In the present aspect, assuming that the application target of the update program may not only the in-vehicle device, but may also be the in-vehicle device and one or more in-vehicle ECUs, the in-vehicle device obtains the update program to be applied to the in-vehicle device and the one or more in-vehicle ECUs from the external server. The control unit of the in-vehicle device can apply the update program to the one or more in-vehicle ECUs whose program is an update target prior to applying the update program to the in-vehicle device by outputting (transmitting) the update program and the activation instruction to the one or more in-vehicle ECUs before performing the activation processing of the in-vehicle device. That is to say, before the update program is applied, the operation state of the in-vehicle device is relatively stable, and thus the update program can be smoothly applied to the one or more in-vehicle ECUs.

In the in-vehicle device according to an aspect of the present disclosure, the control unit may perform rollback processing in response to a rollback instruction from the substitute ECU, and then output a rollback instruction to the in-vehicle ECU to be updated to return the program applied to the in-vehicle ECU to be updated to the original program that is a program applied thereto before the update program is applied.

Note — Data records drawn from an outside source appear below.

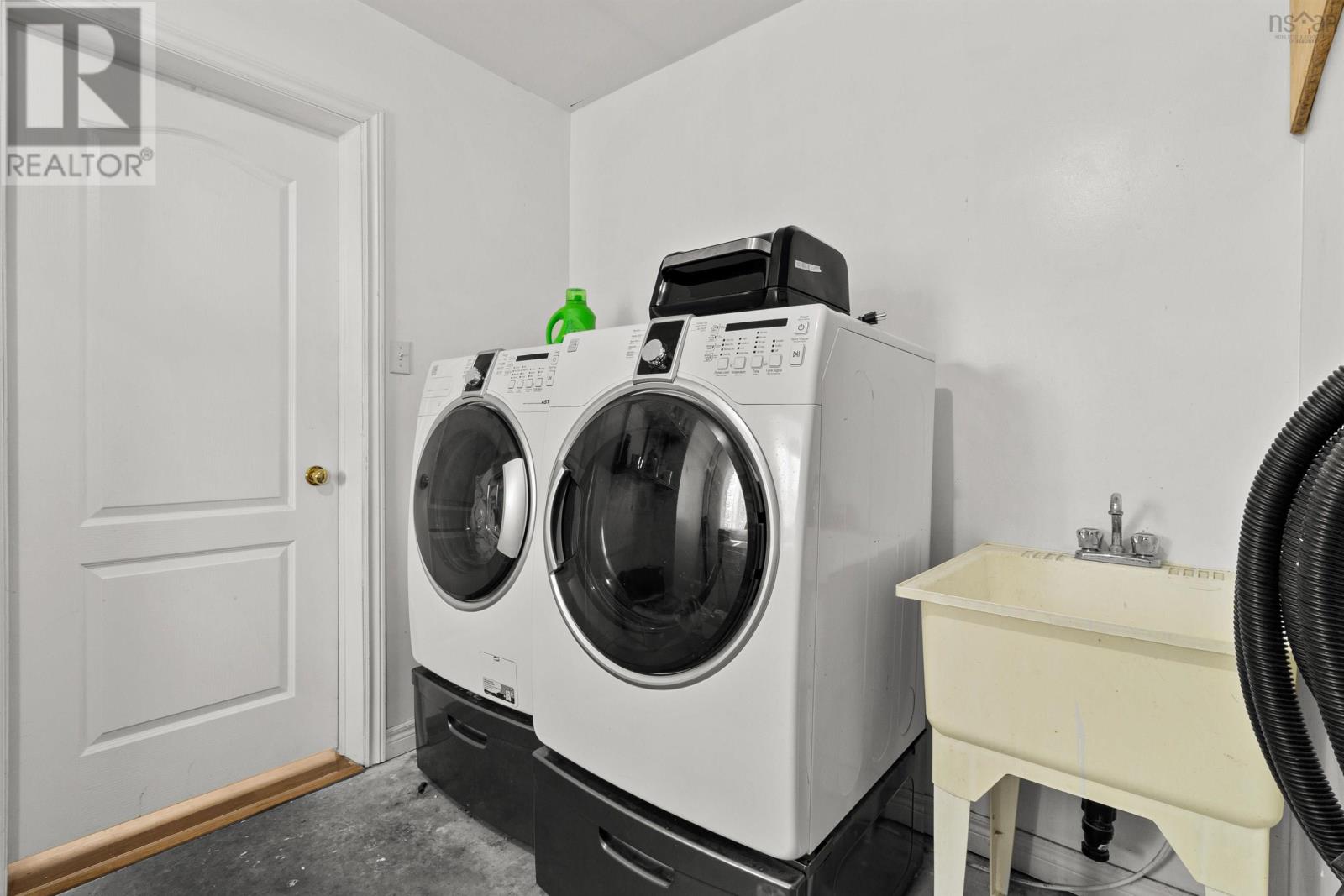 27 Lucasville Road, Middle Sackville, Nova Scotia  B4E 3E8 - Photo 19 - 202504686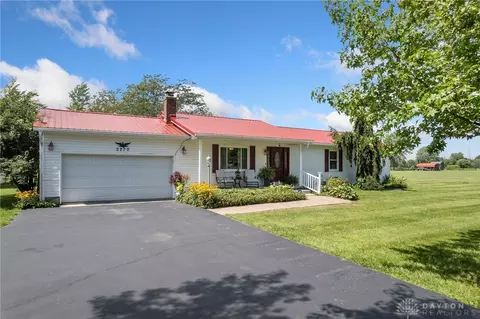 2270 Fayetteville Rd, Blanchester, OH 45107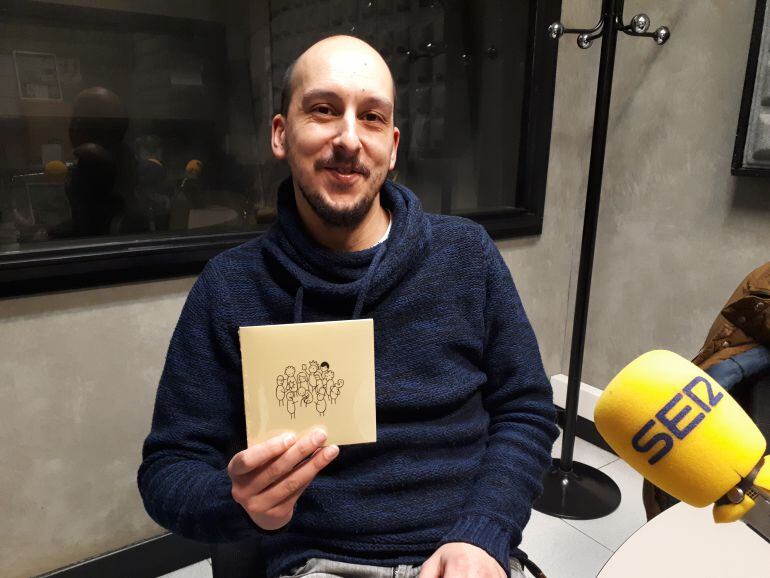 David Karba posa con el nuevo disco de Kvalvika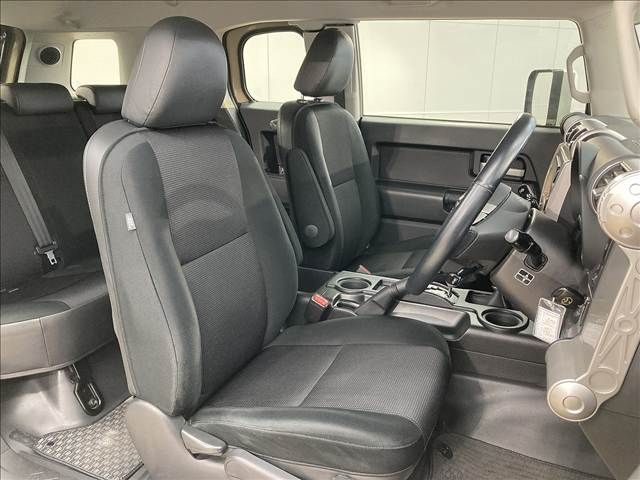 TOYOTA FJ CRUISER 4WD 2016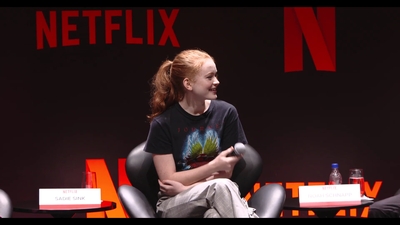 2018-12-10_-_Stranger_Things_Press_Conference_in_Brazil_mp41264.jpg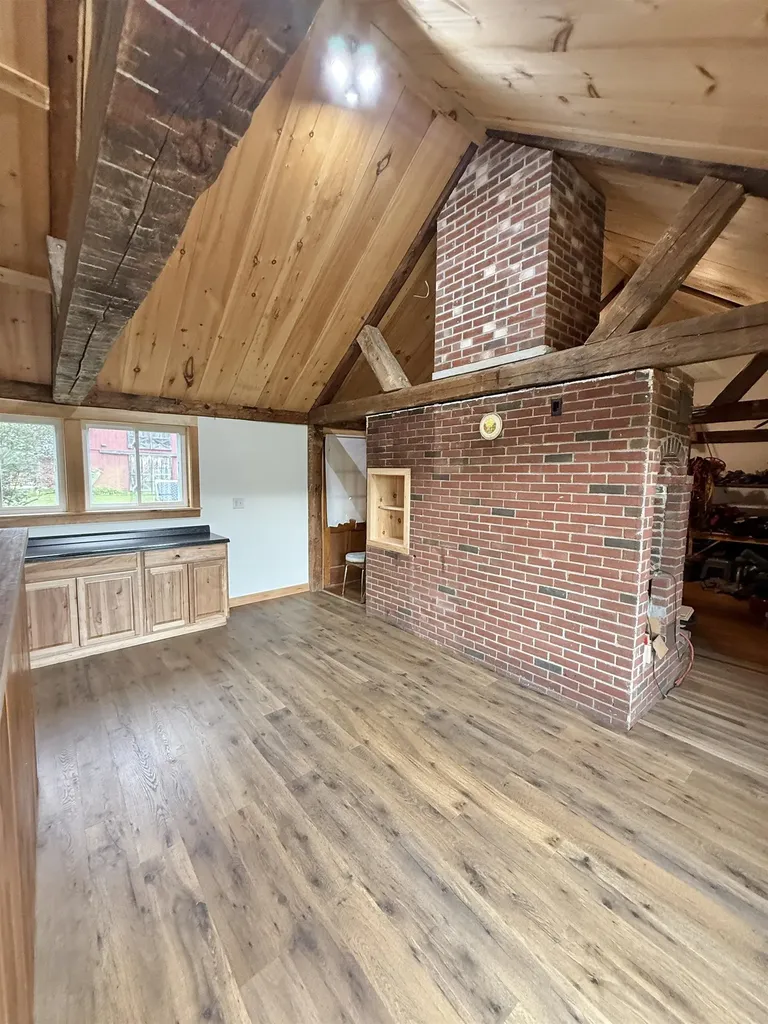 383 Sanborn Road Tilton NH 03276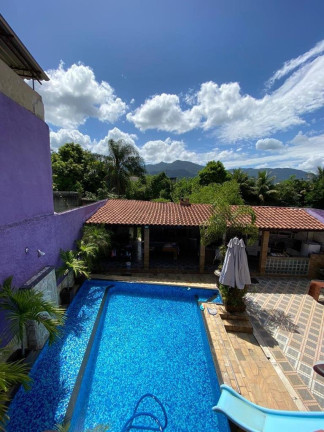 Imagem Casa com 3 Quartos à Venda, 495 m² em Bangu - Rio De Janeiro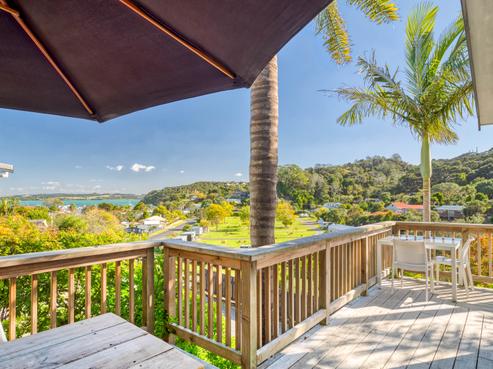 13 Long Beach Road, Russell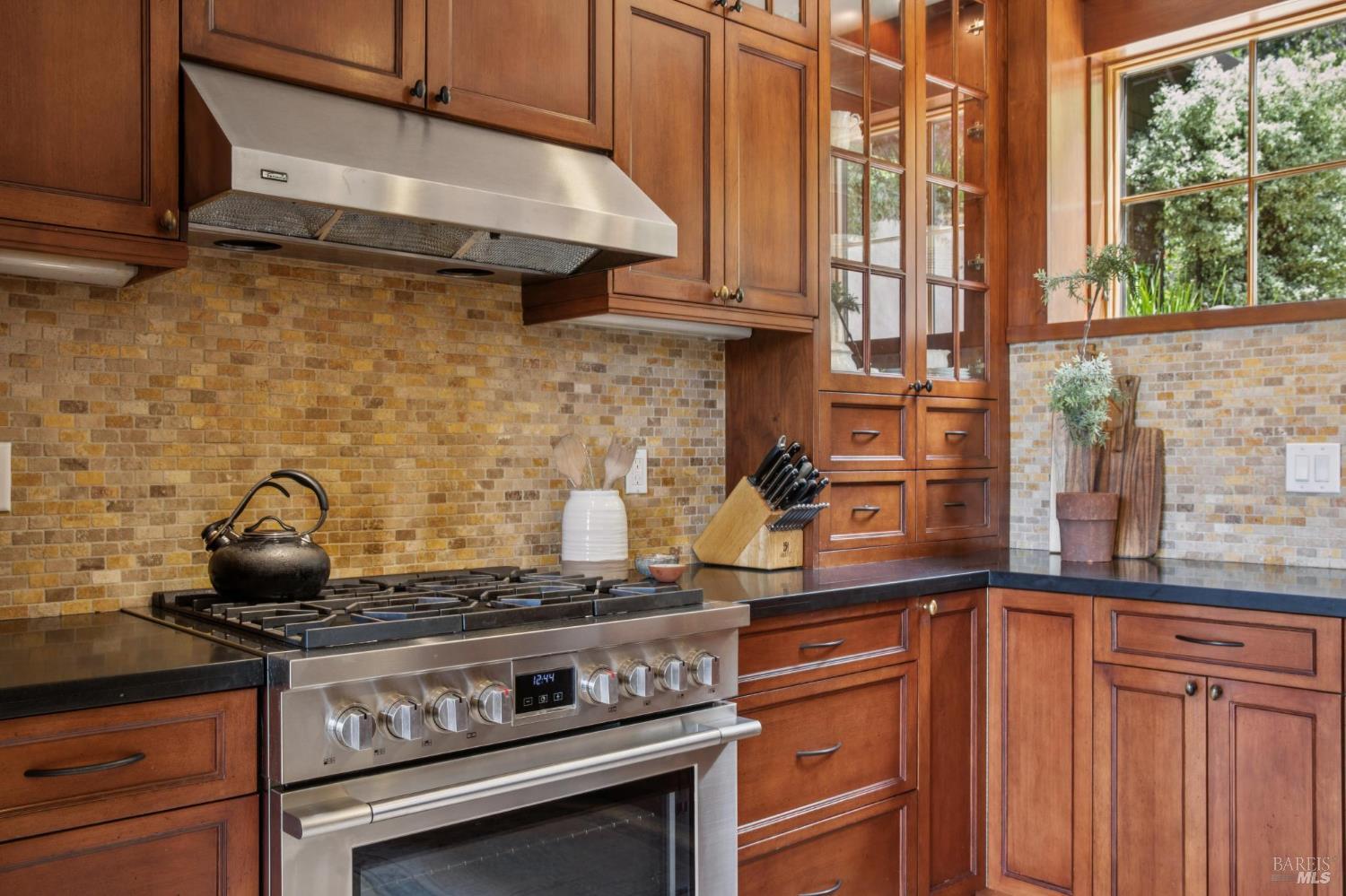 Detail Gallery Image 21 of 80 For 12 Chaparral Ln, San Geronimo,  CA 94963 - 4 Beds | 3/1 Baths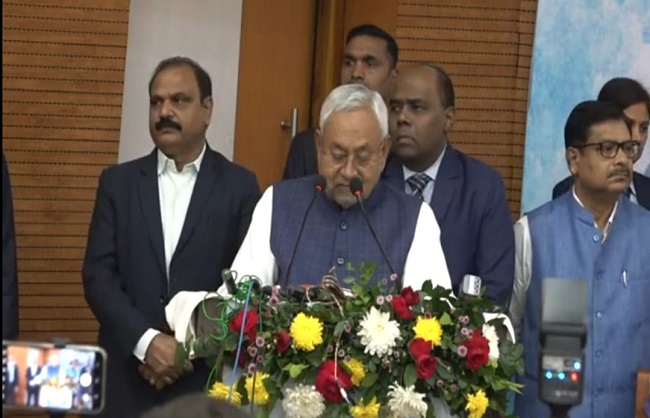 मुख्यमंत्री पटना में शिक्षकों को नियुक्ति पत्र वितरण के दौरान संबोधित करते मुख्यमंत्री पटना में शिक्षकों को नियुक्ति पत्र वितरण के दौरान संबोधित करते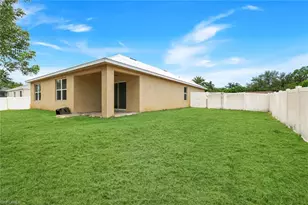 8117 Sandpiper Rd, Fort Myers, FL 33967 - Photo 22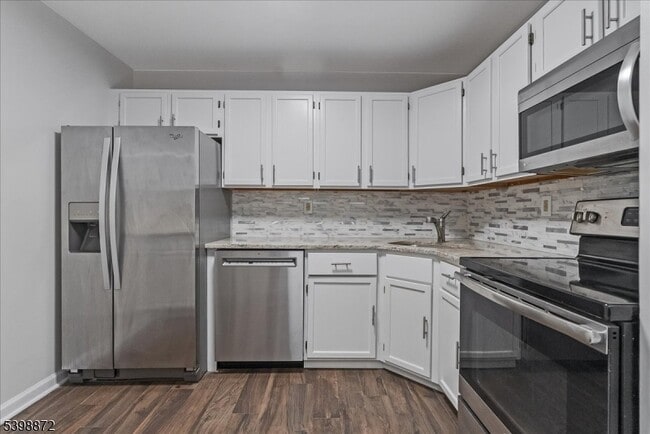 Building Photo - 56 Maple Ln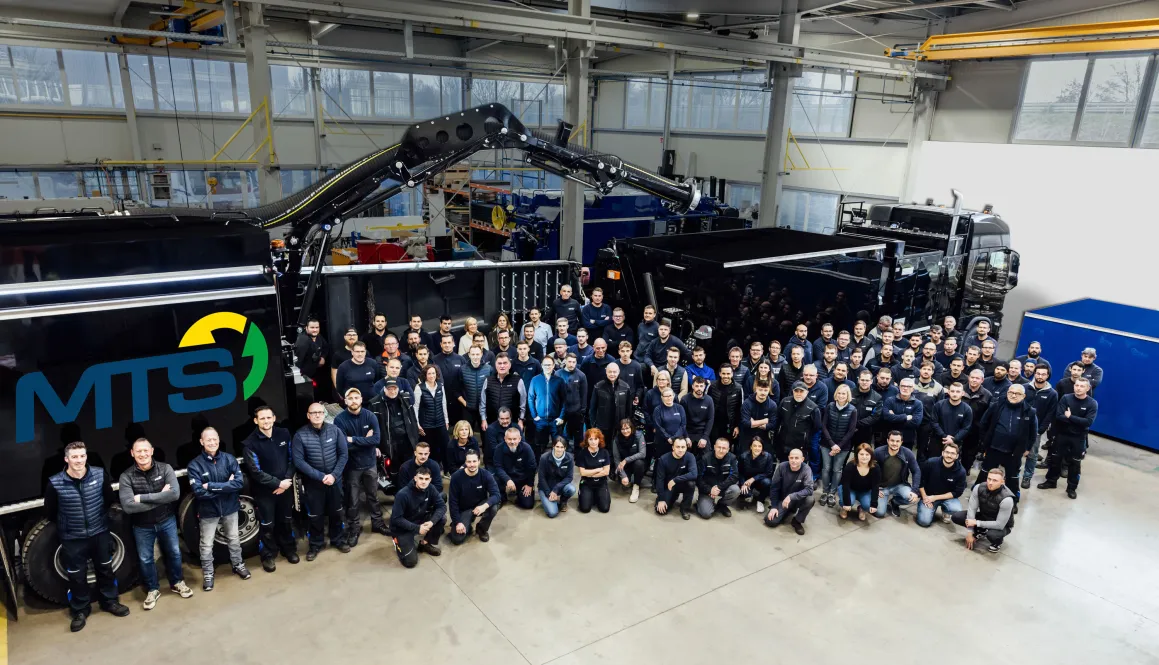 Photo de groupe des collaborateurs de MTS Mobile Tiefbau Saugsysteme GmbH dans le hall de montage.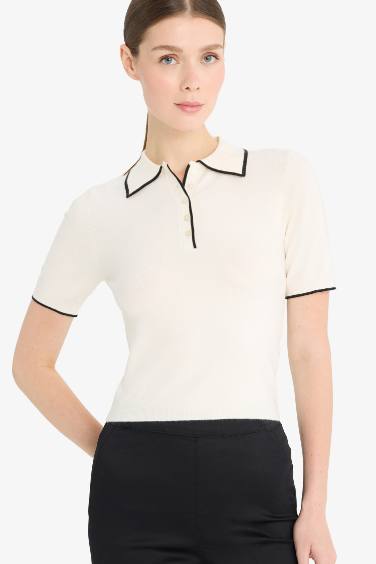 Приталенный свитер с воротником-поло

In the present aspect, when update programs are respectively applied to the in-vehicle device and the plurality of in-vehicle ECUs, the update programs needs to be respectively applied to all of the in-vehicle device and the in-vehicle ECUs that are the update targets. Accordingly, when the control unit of the in-vehicle device performs the rollback processing of the in-vehicle device in response to the rollback instruction from the substitute ECU, the control unit of the in-vehicle device outputs the rollback instruction to all of the in-vehicle ECUs to be updated after performing the rollback processing, and causes these in-vehicle ECUs to perform the rollback processing. As a result, if the application of the update program to the in-vehicle device fails, the in-vehicle device (control unit) can perform the rollback processing of the in-vehicle device itself based on the instruction transmitted from the substitute ECU, and can perform the rollback processing of the other in-vehicle ECUs to be updated and return the in-vehicle device and the in-vehicle ECUs to be updated to the operation environment before the update program is applied.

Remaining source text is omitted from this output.